I guess before every flight (during taxi most of the time) all control surfaces are checked by moving the controll units (on both sides) and verify these movements on the lower ECAM. I wonder how this ECAM is connected in relation with the "controll unit" and the controll surfaces. Does the lower ECAM display the movement of the surfaces like they are moving (so any irregularity can be observed before it becomes a serious incident) or does it show the "side-stick" movement initiated by the pilot himself?

Thanks in advance,

Marcel_MPH

-<M4v3r1ck>-
25th May 2004, 14:03
I think that incident was discussed fairly recently on pprune. Run a search...think it was in the Tech forum as well...

Mav :ok:

FlapsOne
25th May 2004, 14:04
I was told in TLS (recently) that the Lower ECAM displays what's actually happening at the control surfaces so, theoretically, if the control checks are done correctly, that same problem should not happen again.
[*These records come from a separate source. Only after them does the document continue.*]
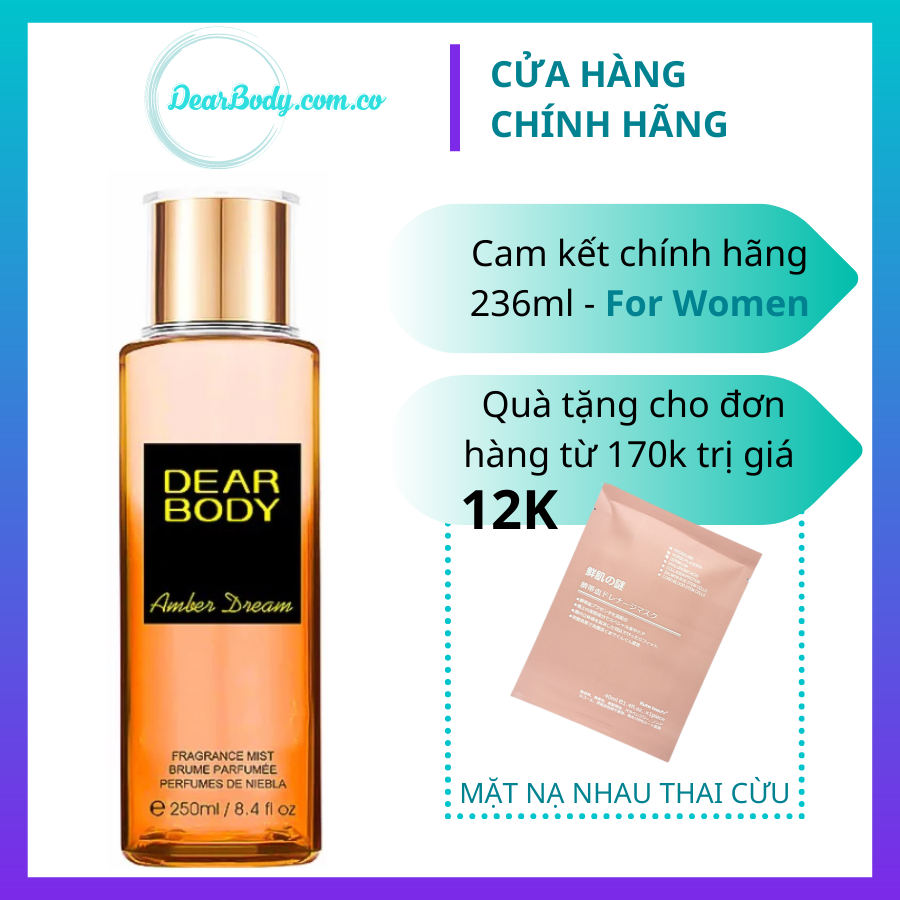 Xịt thơm toàn thân dear body uk amber dream fragrance body mist 250ml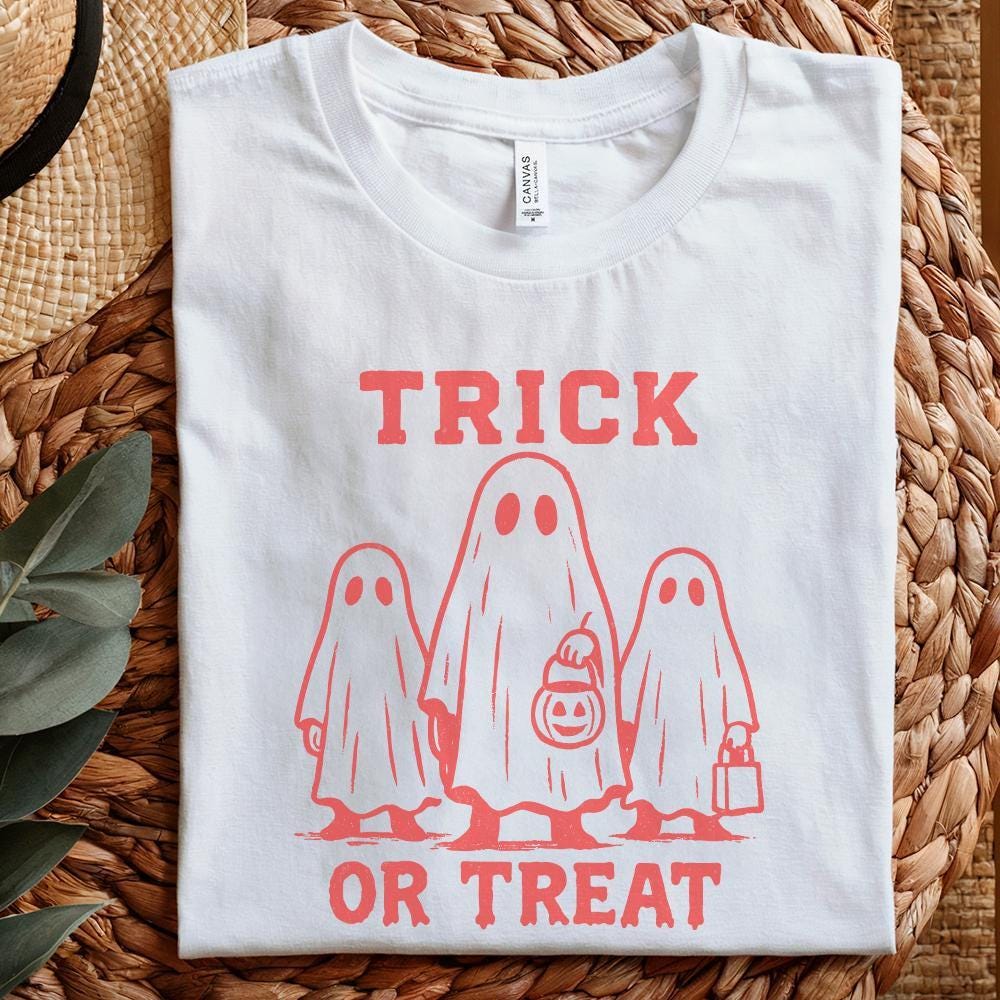 Trick Or Treat Retro Ghost PNG, Halloween PNG - 300 DPI Design for T-Shirt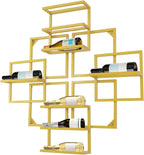 Modern Wall Mounted Wine Rack, Geometric Gold Steel Wine Storage Shelf with 8 Bottles Capacity, Home Decoration for Home Bars, Living Room, Kitchens, Restaurants
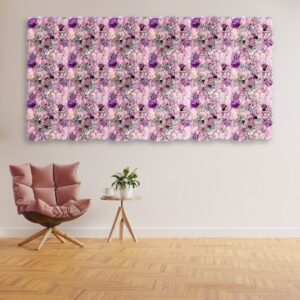 GloboStar® Artificial Garden AMBROSIA 20265 Τεχνητό Διακοσμητικό Πάνελ Λουλουδιών – Κάθετος Κήπος σύνθεση Αμβροσία Μ50 x Π50 x Υ9cm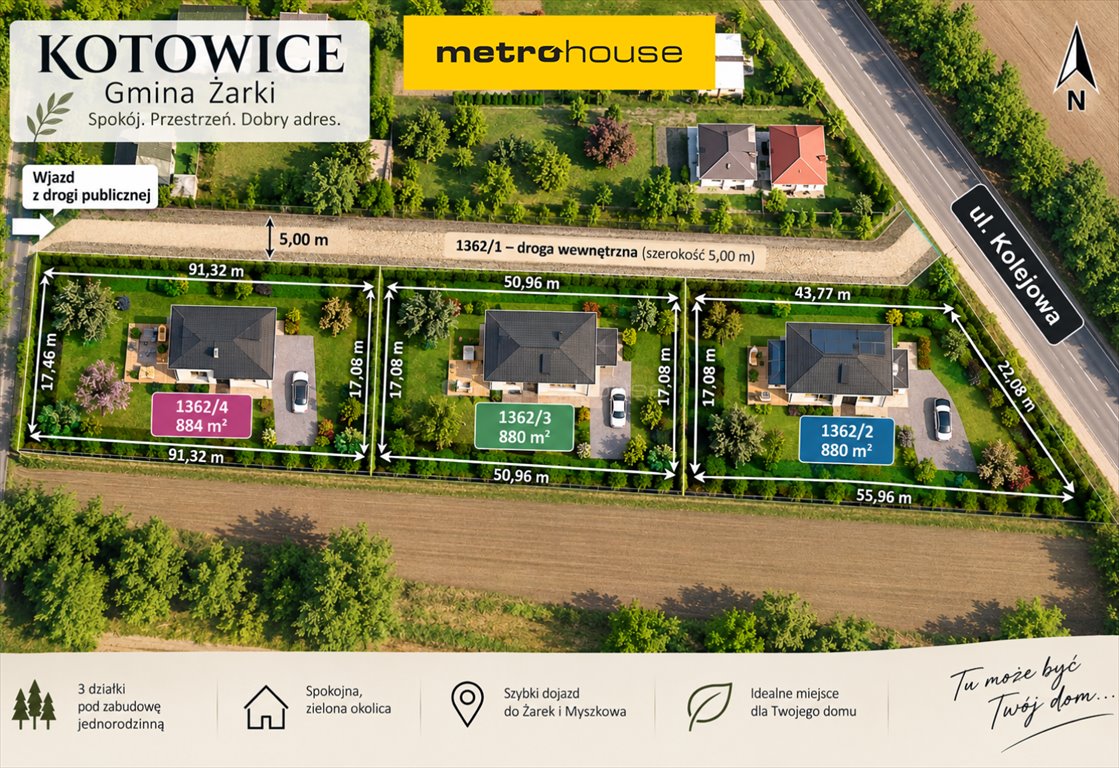 Działka budowlana 880 m² w Kotowicach - polecam: Kotowice: Kolejowa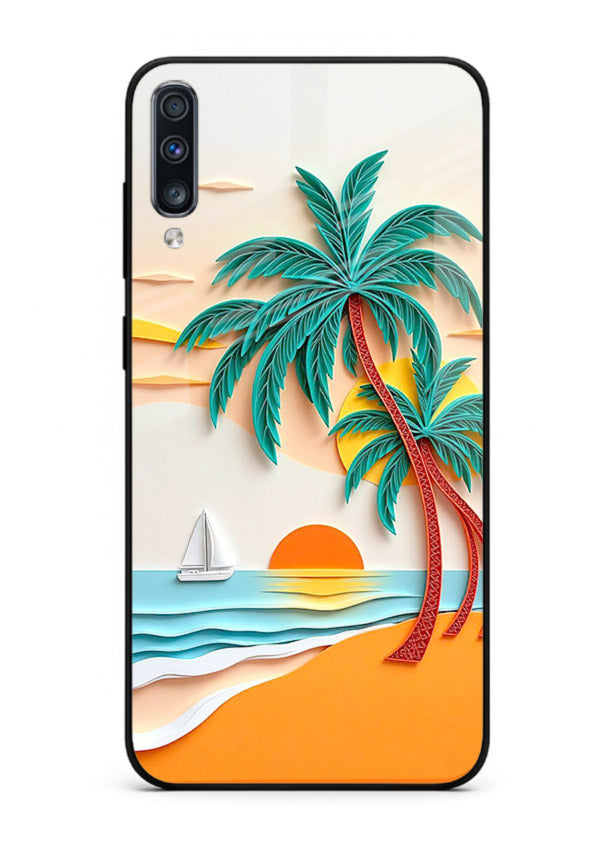 Tropical Palm Sunset warm beach artwork Samsung A70 glass back cover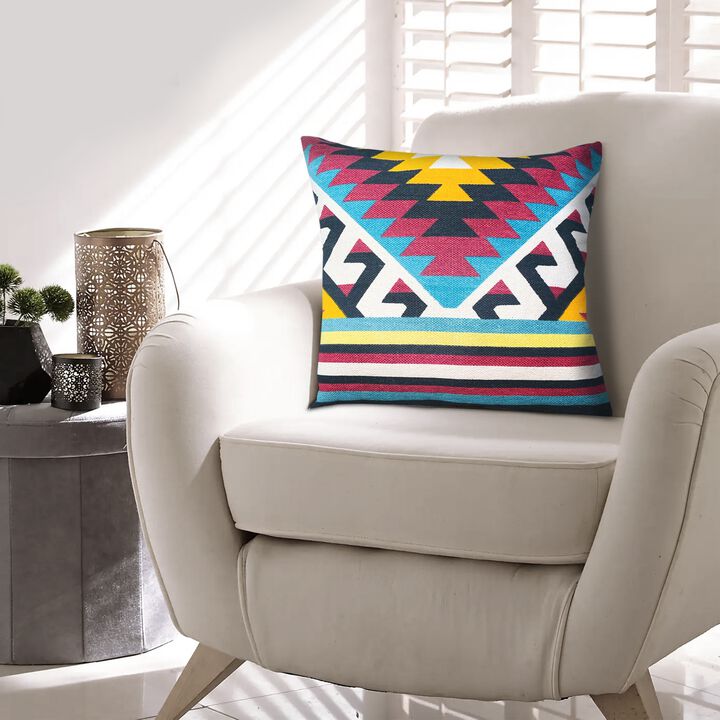 24 x 24 Square Cotton Accent Throw Pillows, Geometric Aztec Pattern, Set of 2, Multicolor-Benzara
If you watch the lower ecam in flight there are plenty of minor control deflections indicated without any side stick input.

Lu Zuckerman
25th May 2004, 14:32
I can only speak to the A-310 but I can assume based on that experience the same condition might exist on other Airbus aircraft. On the A-310 Command sensor unit there are two Cannon type connectors which can be interchanged. The only guard against misconnection is a small sticker on the connector and the connection that I believe says A or B. If these stickers come off the technicians can misconnect them. There is no outward manifestation of a problem but if the technician has to troubleshoot the system he will be driven crazy because he canít find the problem.

The PPUs have the same problem in that the connectors are not keyed and can easily be interchanged. If this happens the computer will sense this and lock the system up.*** The wing tip brakes have the same problem as the CSU in that the connectors can be interchanged and troubleshooting will again drive the technician crazy.

The PCU solenoid connectors can also be interchanged and the only guard against that is the cables are tied back and the connectors are not keyed. If the tiebacks are cut for maintenance there is a possibility of misconnecting the connectors.

It is a part of any design specification that requires that connectors be keyed so that there is no possibility of misconnection. The manufacturer did not want to do this because of costs and a perceived schedule impact.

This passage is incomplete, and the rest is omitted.